- **PROBLEM TO WORK ON**
Restrict the output to the lines below starting at the one that contains "this 960×480 image." and ending at the one that contains "this 845×633 image.", and restate them word for word, both ends included.

Items listed in a dataset:
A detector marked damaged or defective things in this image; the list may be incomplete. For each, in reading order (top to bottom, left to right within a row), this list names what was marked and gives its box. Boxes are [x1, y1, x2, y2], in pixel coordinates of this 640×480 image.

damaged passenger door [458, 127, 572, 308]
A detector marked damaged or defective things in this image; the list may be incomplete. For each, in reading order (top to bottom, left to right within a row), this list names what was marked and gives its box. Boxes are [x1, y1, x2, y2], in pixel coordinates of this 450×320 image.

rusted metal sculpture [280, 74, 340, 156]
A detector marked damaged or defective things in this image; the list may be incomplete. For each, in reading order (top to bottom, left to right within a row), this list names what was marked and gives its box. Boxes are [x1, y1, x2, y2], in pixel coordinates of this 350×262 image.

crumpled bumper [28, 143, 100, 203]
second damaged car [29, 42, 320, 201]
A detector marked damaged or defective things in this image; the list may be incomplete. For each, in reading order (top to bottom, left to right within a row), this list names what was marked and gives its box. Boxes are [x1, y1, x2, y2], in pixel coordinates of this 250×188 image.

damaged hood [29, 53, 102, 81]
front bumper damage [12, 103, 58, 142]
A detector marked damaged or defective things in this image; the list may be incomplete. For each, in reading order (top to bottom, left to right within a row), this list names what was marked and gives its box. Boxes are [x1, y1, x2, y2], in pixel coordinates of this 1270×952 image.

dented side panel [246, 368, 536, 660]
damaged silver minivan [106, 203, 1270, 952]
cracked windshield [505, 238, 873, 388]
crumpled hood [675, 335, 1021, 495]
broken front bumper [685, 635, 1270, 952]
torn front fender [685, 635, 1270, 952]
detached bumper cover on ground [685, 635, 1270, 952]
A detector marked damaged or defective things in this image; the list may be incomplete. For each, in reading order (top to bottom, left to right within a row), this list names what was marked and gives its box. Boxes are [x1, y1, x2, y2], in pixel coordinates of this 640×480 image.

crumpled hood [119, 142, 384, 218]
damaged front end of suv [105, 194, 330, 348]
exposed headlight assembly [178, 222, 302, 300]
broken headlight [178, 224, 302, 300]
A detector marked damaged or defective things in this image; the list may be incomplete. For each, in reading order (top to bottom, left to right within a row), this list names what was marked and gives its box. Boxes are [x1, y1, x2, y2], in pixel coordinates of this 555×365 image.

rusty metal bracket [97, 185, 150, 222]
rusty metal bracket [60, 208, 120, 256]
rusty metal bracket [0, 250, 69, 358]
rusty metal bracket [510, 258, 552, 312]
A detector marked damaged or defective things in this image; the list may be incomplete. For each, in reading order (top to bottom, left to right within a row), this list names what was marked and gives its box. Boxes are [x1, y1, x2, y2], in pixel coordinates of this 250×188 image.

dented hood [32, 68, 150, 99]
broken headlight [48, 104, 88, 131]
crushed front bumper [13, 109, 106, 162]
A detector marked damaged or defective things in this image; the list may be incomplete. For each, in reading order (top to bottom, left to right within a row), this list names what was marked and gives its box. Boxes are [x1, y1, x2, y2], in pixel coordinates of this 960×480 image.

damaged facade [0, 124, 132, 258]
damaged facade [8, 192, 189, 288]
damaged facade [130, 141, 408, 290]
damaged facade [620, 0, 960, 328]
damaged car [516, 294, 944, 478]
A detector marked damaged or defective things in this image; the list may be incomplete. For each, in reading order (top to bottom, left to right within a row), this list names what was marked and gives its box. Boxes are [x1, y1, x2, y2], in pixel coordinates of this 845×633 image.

---

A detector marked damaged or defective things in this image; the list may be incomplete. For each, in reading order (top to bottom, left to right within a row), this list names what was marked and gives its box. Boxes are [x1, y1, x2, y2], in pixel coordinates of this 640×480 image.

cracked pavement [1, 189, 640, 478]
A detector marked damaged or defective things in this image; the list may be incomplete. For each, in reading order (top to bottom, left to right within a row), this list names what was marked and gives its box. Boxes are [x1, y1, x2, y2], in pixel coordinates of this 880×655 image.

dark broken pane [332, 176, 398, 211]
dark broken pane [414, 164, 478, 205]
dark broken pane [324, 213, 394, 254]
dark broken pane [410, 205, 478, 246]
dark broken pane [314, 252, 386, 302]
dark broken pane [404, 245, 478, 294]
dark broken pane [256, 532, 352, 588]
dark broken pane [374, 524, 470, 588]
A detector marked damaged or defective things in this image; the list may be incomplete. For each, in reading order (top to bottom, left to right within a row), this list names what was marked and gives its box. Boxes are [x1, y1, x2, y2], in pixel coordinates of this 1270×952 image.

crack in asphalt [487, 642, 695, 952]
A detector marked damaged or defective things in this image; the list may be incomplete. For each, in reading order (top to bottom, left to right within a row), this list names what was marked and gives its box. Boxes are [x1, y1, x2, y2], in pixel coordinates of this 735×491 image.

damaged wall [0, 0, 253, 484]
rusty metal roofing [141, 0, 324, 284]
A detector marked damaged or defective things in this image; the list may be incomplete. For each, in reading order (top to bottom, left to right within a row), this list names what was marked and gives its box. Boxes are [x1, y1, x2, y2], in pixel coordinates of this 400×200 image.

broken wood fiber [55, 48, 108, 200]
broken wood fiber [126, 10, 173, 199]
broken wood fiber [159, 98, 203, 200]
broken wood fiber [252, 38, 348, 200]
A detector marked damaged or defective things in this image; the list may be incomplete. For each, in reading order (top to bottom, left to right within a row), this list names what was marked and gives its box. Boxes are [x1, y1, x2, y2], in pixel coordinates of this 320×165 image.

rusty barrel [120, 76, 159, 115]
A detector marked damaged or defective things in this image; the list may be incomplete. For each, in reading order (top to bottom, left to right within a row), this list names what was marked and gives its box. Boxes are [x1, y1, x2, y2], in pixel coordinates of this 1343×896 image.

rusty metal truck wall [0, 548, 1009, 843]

- **ANSWER BOX**
A detector marked damaged or defective things in this image; the list may be incomplete. For each, in reading order (top to bottom, left to right within a row), this list names what was marked and gives its box. Boxes are [x1, y1, x2, y2], in pixel coordinates of this 960×480 image.

damaged facade [0, 124, 132, 258]
damaged facade [8, 192, 189, 288]
damaged facade [130, 141, 408, 290]
damaged facade [620, 0, 960, 328]
damaged car [516, 294, 944, 478]
A detector marked damaged or defective things in this image; the list may be incomplete. For each, in reading order (top to bottom, left to right within a row), this list names what was marked and gives its box. Boxes are [x1, y1, x2, y2], in pixel coordinates of this 845×633 image.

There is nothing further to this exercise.